::: Recorded data :::

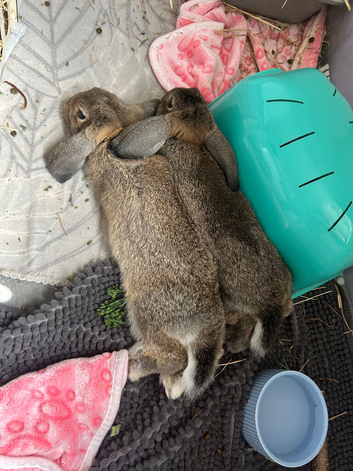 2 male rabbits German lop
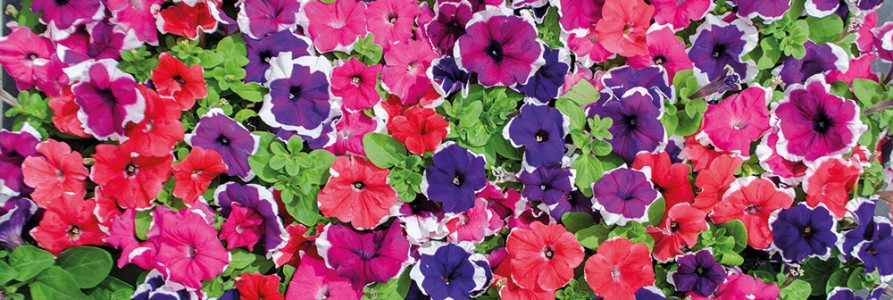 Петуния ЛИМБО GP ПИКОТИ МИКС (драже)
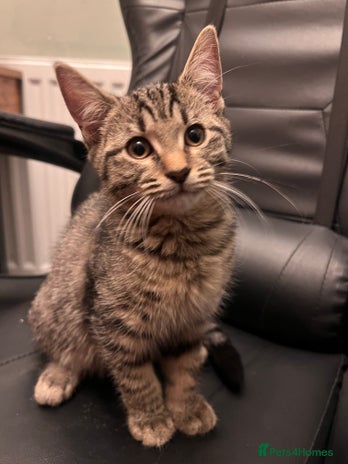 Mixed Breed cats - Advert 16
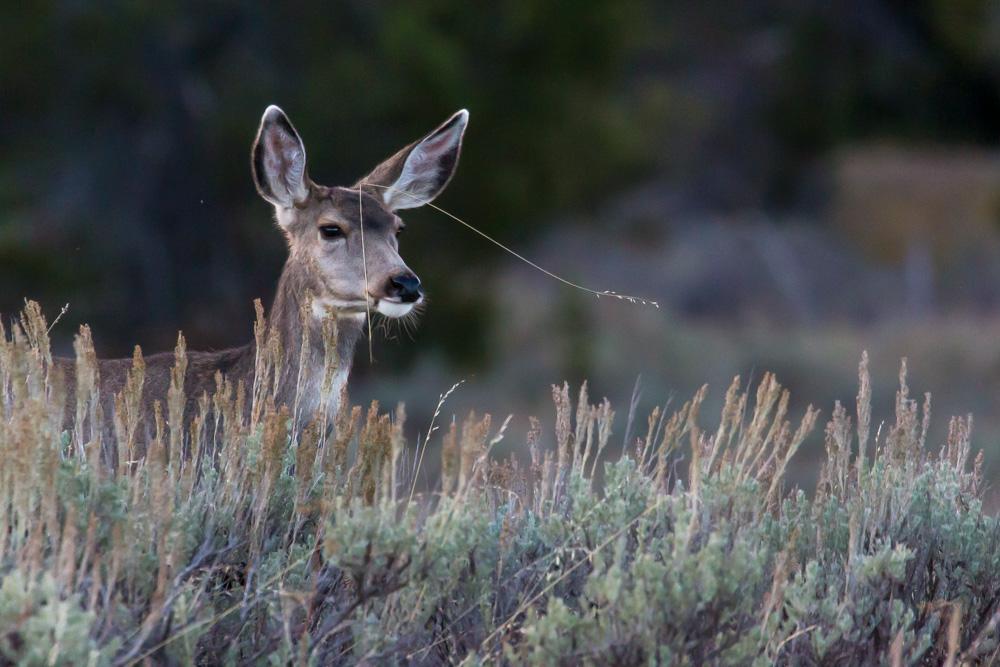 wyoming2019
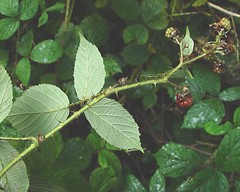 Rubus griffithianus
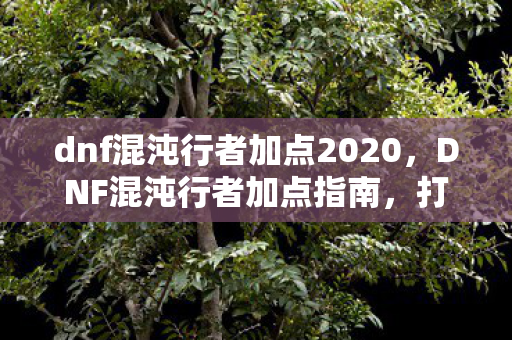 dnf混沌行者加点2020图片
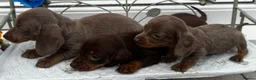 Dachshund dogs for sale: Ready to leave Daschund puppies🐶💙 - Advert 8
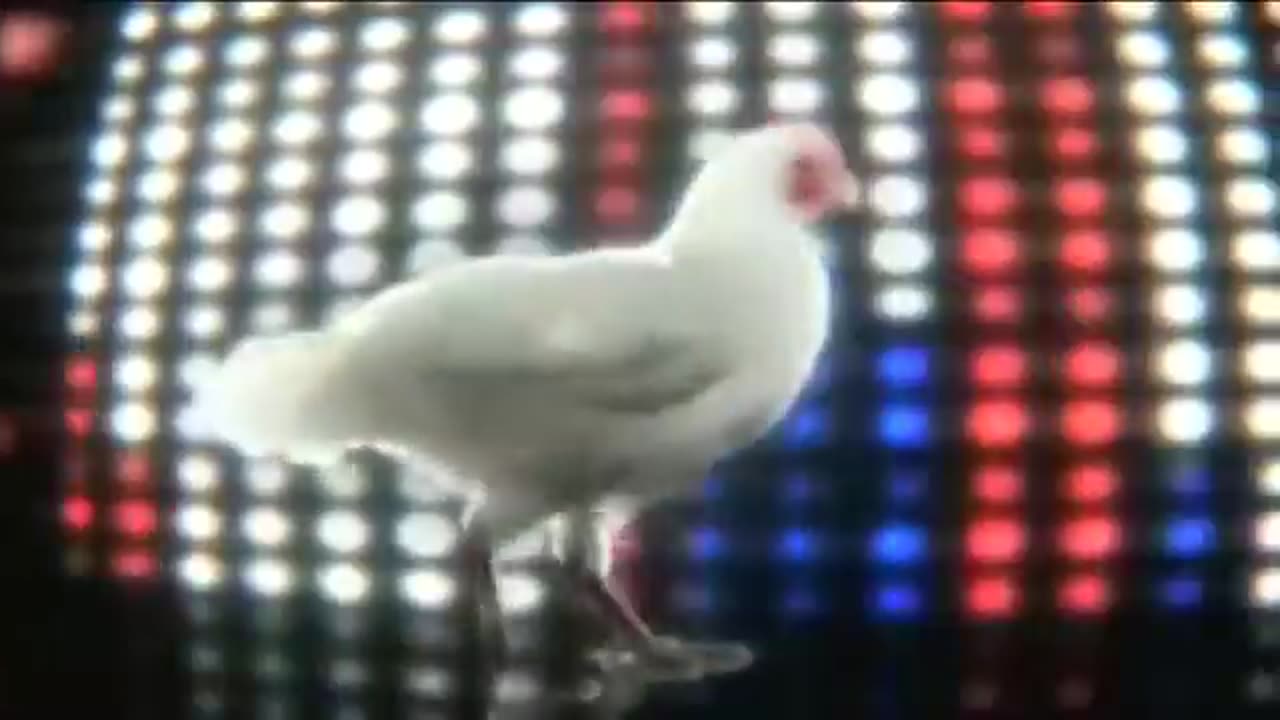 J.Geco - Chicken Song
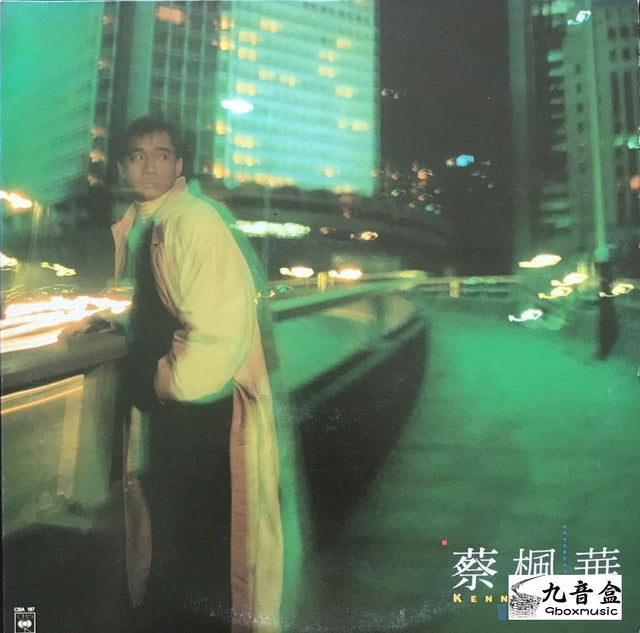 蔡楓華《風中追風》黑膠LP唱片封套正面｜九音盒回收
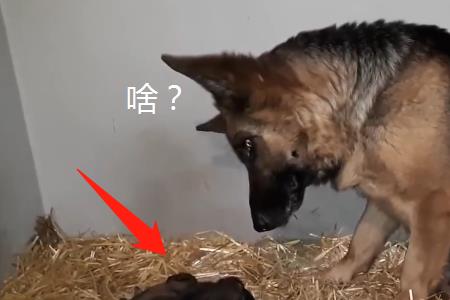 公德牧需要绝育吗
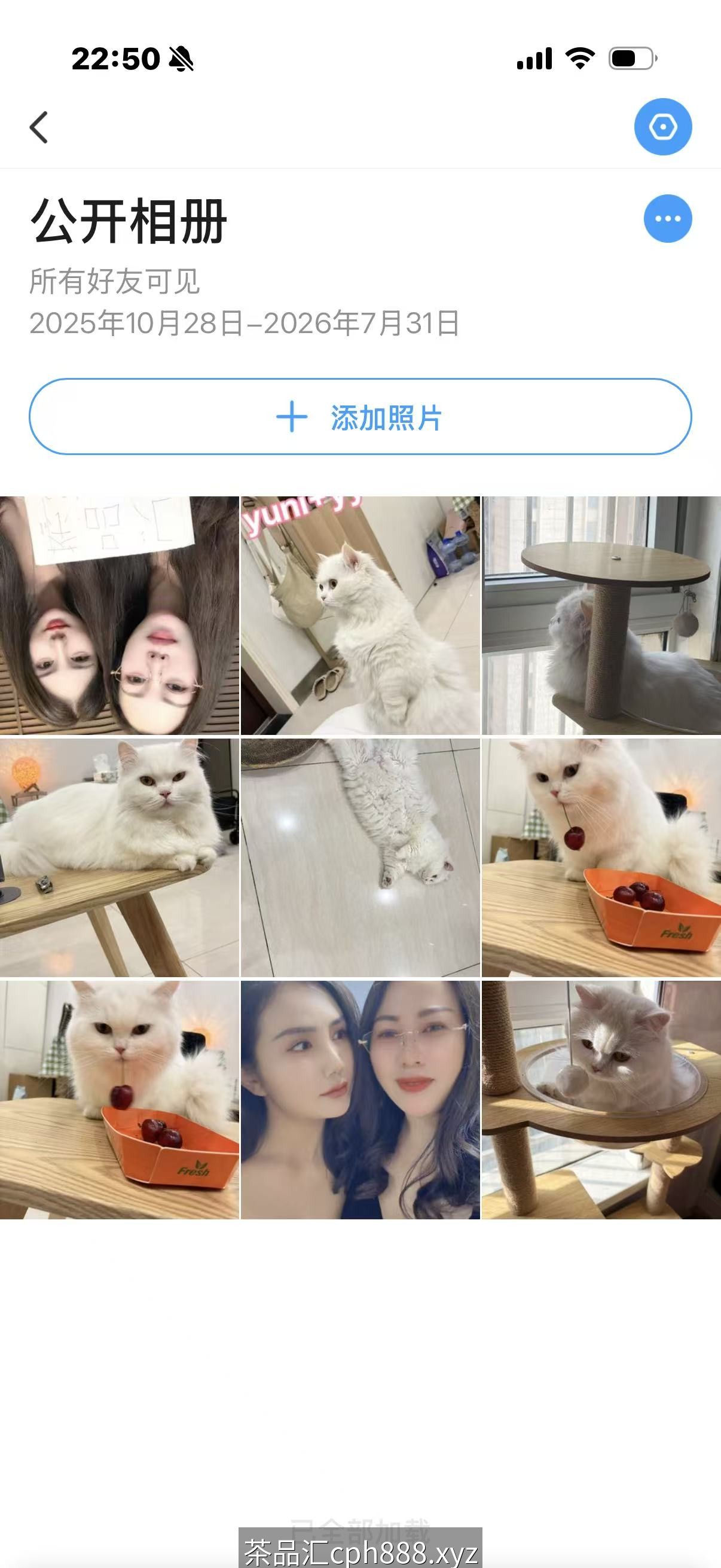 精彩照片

:::

> Exercise instructions:
Please return only the lines running from the line with "J.Geco - Chicken Song" to the final line of the data, both included, exactly and without any pictures.

> Answer to the problem:
 J.Geco - Chicken Song
 蔡楓華《風中追風》黑膠LP唱片封套正面｜九音盒回收
 公德牧需要绝育吗
 精彩照片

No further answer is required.